=== Begin Enclosure ===
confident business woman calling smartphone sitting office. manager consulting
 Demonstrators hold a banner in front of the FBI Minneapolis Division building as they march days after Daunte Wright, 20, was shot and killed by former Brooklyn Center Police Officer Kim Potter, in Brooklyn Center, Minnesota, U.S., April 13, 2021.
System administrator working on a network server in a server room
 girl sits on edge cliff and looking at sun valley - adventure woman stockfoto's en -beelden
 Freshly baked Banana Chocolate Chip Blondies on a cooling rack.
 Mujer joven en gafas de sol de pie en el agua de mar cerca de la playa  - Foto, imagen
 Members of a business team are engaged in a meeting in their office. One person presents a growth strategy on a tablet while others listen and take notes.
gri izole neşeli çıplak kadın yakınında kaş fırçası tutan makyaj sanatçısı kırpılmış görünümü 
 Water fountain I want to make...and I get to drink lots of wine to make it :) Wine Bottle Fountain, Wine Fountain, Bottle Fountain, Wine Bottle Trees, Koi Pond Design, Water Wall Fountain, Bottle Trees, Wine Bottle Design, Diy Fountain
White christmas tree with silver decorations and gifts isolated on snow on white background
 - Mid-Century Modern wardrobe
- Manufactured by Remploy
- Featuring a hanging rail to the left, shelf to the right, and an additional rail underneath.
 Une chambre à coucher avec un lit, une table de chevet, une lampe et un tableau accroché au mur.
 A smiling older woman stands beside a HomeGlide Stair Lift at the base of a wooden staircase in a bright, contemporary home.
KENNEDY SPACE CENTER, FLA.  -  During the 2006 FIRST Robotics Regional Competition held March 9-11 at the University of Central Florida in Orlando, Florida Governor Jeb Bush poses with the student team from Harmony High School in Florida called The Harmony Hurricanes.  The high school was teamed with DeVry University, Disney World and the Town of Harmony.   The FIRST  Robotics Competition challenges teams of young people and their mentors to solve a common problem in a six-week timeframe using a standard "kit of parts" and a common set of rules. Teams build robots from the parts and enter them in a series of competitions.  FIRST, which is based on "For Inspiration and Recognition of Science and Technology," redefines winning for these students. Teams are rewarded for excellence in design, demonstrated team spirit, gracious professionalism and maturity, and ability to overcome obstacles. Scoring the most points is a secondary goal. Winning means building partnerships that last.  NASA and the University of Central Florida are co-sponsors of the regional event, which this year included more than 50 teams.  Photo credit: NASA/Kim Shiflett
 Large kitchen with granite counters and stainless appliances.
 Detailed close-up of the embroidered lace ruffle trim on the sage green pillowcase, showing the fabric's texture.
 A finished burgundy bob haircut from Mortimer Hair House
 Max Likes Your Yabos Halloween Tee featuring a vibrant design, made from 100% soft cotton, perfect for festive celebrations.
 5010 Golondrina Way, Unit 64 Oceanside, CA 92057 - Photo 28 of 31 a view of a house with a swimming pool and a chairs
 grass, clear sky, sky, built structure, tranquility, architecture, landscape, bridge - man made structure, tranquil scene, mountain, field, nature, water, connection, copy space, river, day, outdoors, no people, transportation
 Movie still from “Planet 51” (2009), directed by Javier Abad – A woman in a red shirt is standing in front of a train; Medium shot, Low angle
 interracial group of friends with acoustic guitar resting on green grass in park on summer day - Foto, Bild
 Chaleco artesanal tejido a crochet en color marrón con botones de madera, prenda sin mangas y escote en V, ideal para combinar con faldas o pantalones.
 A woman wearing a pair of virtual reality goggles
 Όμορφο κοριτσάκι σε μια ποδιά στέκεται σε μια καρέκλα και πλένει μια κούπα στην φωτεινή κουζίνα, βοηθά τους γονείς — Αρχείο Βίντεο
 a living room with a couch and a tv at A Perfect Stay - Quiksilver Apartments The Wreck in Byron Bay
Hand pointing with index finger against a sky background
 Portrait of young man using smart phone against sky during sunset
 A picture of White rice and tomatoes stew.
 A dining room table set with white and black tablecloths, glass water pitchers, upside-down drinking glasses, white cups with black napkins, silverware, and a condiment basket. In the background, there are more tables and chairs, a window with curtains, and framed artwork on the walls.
=== End Enclosure ===
=== What to do ===
Please return only the lines above, starting at the line that has "- Featuring a" and ending at the line that has "A smiling older", keeping both and leaving each one unchanged.

=== Response ===
- Featuring a hanging rail to the left, shelf to the right, and an additional rail underneath.
 Une chambre à coucher avec un lit, une table de chevet, une lampe et un tableau accroché au mur.
 A smiling older woman stands beside a HomeGlide Stair Lift at the base of a wooden staircase in a bright, contemporary home.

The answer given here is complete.